これが無いと始まらない。特別な日に必ず食べる祖母の餃子

祖父母の家で誕生日などのお祝い事をするときは、いつも決まって餃子だった。
餡はひき肉、ニラ、キャベツ、もやし、ニンニク。野菜は細かく刻んで、大きな鍋で火を通してゴマ油と塩コショウで味付けをする。皮は市販のものではなく一から手作りで、餃子を包む作業は集まった親族総出で行うものだった。

私はたいてい餡を包む役目で、飽きたら時々皮をくり抜く作業をやりたがった。餡を包むときに欲張ると、上手く包むことができずに破けてしまったこともあった。大きくなるごとに器用になって、餃子のひだを作れるようになったものだけれど。
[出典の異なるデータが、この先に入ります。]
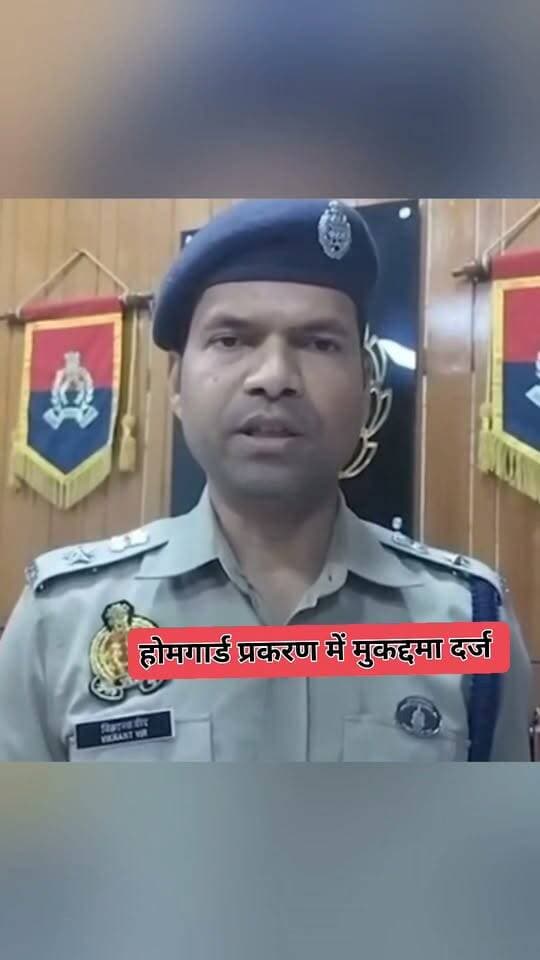 लखनऊ में होमगार्ड भर्ती दौड़ के दौरान अभ्यर्थी का दुखद निधन, अज्ञात के खिलाफ FIR
लखनऊ के थाना महानगर क्षेत्र में 15 सितंबर को होमगार्ड भर्ती परीक्षा की दौड़ के दौरान अभ्यर्थी योगेंद्र सिंह (25), पुत्र छत्रपाल की तबीयत बिगड़ गई। उन्हें बलरामपुर अस्पताल ले जाया गया, जहां डॉक्टरों ने उन्हें बचाया नहीं जा सका।
पुलिस के अनुसार परिजनों की मौजूदगी में पंचायतनामा और पोस्टमार्टम कराया गया। पोस्टमार्टम रिपोर्ट में निधन का कारण "Asphyxia due to plastic bottle" यानी प्लास्टिक की बोतल से गले में रुकावट के कारण दम घुटना बताया गया है। शरीर पर चोट के निशान मिलने की भी बात सामने आई है।
परिजनों की तहरीर पर 19 सितंबर को थाना महानगर में अज्ञात के खिलाफ सुसंगत धाराओं में मुकदमा दर्ज कर लिया गया है।
मामले की जांच के लिए "5 सदस्यीय टीम" गठित की गई है। पुलिस CCTV फुटेज, स्वतंत्र गवाहों के बयान और वैज्ञानिक साक्ष्य जुटा रही है। पुलिस का कहना है कि सभी पहलुओं पर जांच कर कार्रवाई की जा रही है।#LucknowNews #HomeGuardBharti #LucknowPolice #UPNews #BreakingNews #ViralNews #JusticeForYogendra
包みあがった餃子は、寿司桶三つ分とかなりの量になる。どんどん餃子が焼き上がってくると、「熱いうちに食べなさい」と祖母が言う。手作りの皮なので、市販のものほど薄さはなく、食感は少しモチモチとしている。私はいつもお醤油とレモンで食べていたが、大人はラー油を入れることも多かった。

私はこの餃子が大好きだった。いつもお腹がはち切れるほどに食べていた。両親が共働きで、幼い頃からよく祖父母の家に預けられていた私は祖母の料理をよく食べていたのだが、一番好きなものは?と聞かれると、この餃子と答えるほどに。

口に入れた瞬間あの頃がよみがえる、祖母直伝のレシピ

一人暮らしをするようになると、餃子を食べる機会も減っていった。地元に帰ってまた一人暮らしの家に戻るときに、餃子を作ったから、と持たせてくれることもあった。何年経っても変わらない味は、やっぱり変わらず私の大好物だった。

ある日突然餃子が食べたくなって、私は祖母に電話をしてレシピを聞いた。祖母は突然どうしたん、と笑って、親切に教えてくれた。結局その日は餃子を作らず、レシピを聞いてから一年ほど経ったときに初めて自分で餃子を作った。餡を包む作業を恋人と行っているとき、あまりの量に「なんでこんなに作ったの?」と恋人が言った。元々のレシピが大人数用なので、いくらか分量を減らしたとはいえ、それでも二人には多すぎる量だった。
焼き上がった餃子は、祖父母の家で食べたものより若干皮が分厚く、モチモチとしていた。けれど味は全く同じで、祖母のことを思い出した。長いこと食べていなかった餃子は、やっぱり私の大好きなものだった。

五月十四日、母から電話があった。祖母が亡くなった知らせだった。私は就活の関係で四月中は地元に帰っていたのだが、その頃には既に体調を崩していたので、コロナのことも考え会うのは控えていた。どうして会わなかったんだろう、顔を出してあげなかったんだろうとひどく後悔した。顔を見たい、と祖母が言っていたことを知っていたのに。すぐに地元に帰って、お葬式に参加した。お正月ぶりに見た祖母は、痩せて、小さくなっていた。

この味を忘れない。祖母に語りかけるように私は餃子を作る

一人暮らしの家に戻って、しばらくはぽっかりと胸に穴が開いたような気持ちだった。大人になるにつれて会う頻度は減っていたが、幼い頃の思い出は祖母と過ごしたものが多かった。色んな場所に旅行に連れていってもらった。デパートで服を買ってもらい、最上階のレストランでオムライスを食べた。中学で不登校になったとき、何も言わず、受け入れてくれた。もっと立派になった姿を見せたかった。相変わらず生きづらい性質のままだけど、それでも何とか、頑張って生きてるよって言いたかった。でも、もう直接祖母に伝えることは叶わない。

私は、餃子を作った。これから先、親族が集まって、みんなで餃子を作る日がまた来るのだろうかと思いながら。出来上がった餃子はやっぱり量が多くて、その日に食べ切ることはできなかった。お醤油とレモンで食べる餃子の味は、私が小さい頃から食べていた味と変わらない。祖母はもうどこにもいない。けれど、ここには確かに、祖母の味が生きている。きっとこれからも私は餃子を作るたびに、祖母のことを思い出すのだろう。